Data for this task Block Start
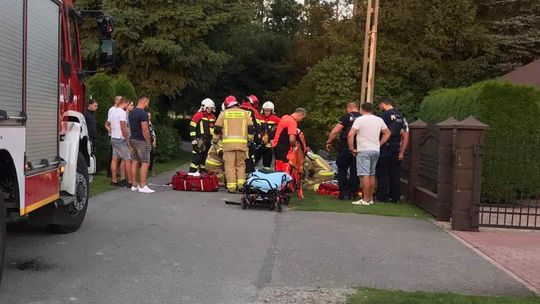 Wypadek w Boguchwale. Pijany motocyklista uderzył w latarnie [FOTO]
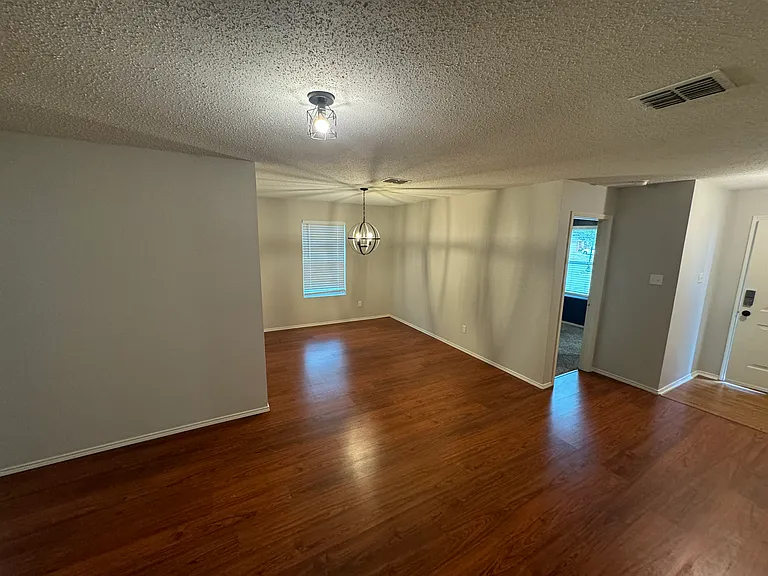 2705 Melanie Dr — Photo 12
Data for this task Block End
Data for this task Block Start
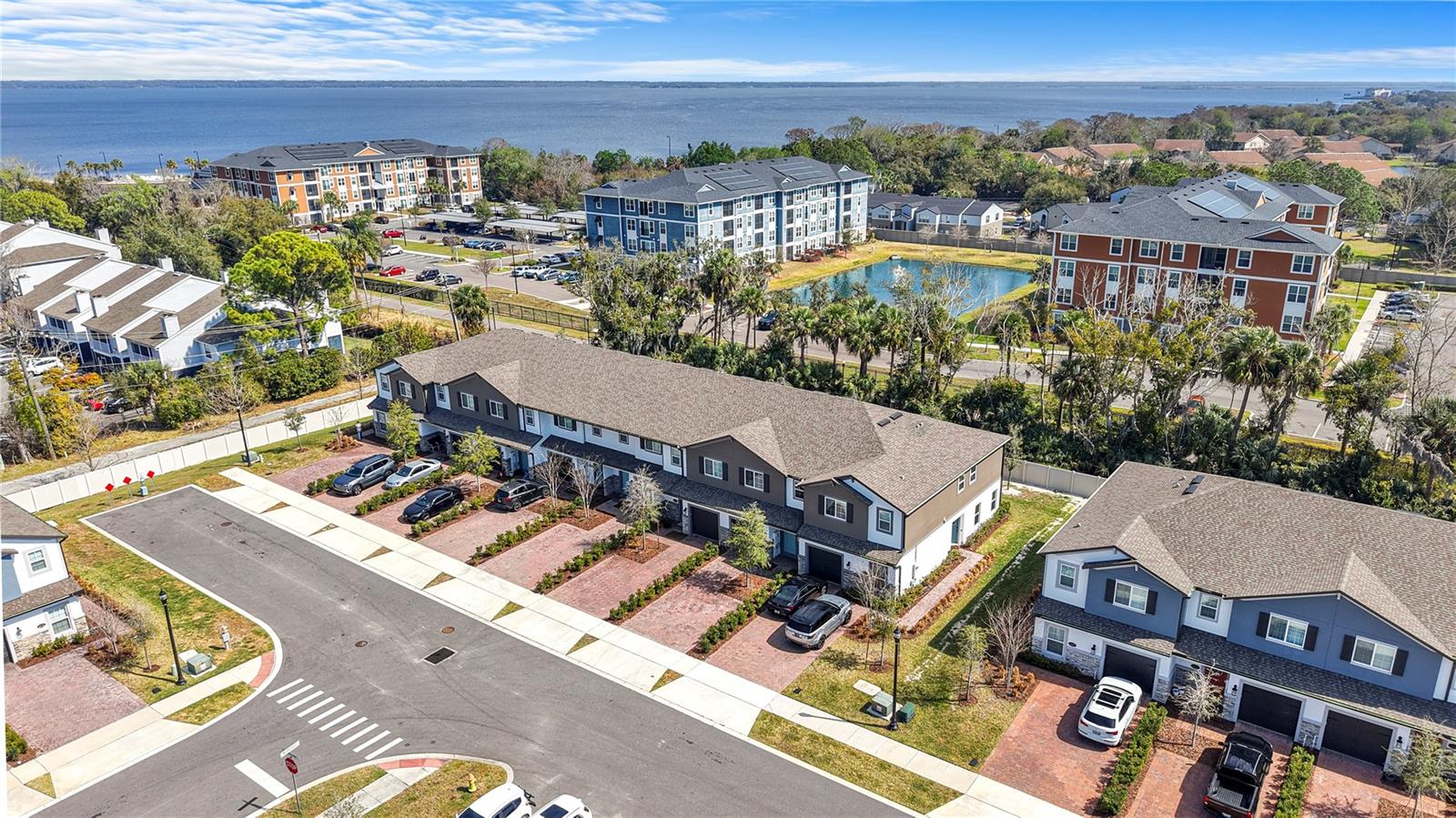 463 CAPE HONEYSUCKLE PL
Data for this task Block End
[Exercise goal]: Would you write out exactly the lines above, starting at the line containing "Wypadek w Boguchwale." and stopping after the line containing "2705 Melanie Dr — Photo 12"? Omit the pictures.

[Answer to the problem]:
 Wypadek w Boguchwale. Pijany motocyklista uderzył w latarnie [FOTO]
 2705 Melanie Dr — Photo 12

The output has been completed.